What you are asked to do ▸ Two lines below mark the span: the one containing "Estudiantes de La" and the one containing "LORRAINE LAKES PH I - Residential Lease". Set down both, plus every line between, exactly as they stand, and nothing else.

Saved entries:
+--

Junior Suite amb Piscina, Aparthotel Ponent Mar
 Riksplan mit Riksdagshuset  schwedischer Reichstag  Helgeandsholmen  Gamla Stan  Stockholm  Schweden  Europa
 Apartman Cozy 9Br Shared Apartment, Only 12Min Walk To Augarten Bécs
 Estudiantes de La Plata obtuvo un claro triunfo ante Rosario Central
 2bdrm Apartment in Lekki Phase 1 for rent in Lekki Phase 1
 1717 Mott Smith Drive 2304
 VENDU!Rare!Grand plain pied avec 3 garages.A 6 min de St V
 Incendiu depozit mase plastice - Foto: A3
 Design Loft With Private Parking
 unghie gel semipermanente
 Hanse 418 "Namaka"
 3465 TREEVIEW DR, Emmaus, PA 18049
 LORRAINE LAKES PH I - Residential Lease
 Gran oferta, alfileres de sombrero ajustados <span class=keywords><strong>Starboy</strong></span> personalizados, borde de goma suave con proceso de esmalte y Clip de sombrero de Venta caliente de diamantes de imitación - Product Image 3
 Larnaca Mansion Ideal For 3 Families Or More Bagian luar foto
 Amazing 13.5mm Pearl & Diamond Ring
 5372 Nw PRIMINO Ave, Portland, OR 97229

+--

Response box ▸
 Estudiantes de La Plata obtuvo un claro triunfo ante Rosario Central
 2bdrm Apartment in Lekki Phase 1 for rent in Lekki Phase 1
 1717 Mott Smith Drive 2304
 VENDU!Rare!Grand plain pied avec 3 garages.A 6 min de St V
 Incendiu depozit mase plastice - Foto: A3
 Design Loft With Private Parking
 unghie gel semipermanente
 Hanse 418 "Namaka"
 3465 TREEVIEW DR, Emmaus, PA 18049
 LORRAINE LAKES PH I - Residential Lease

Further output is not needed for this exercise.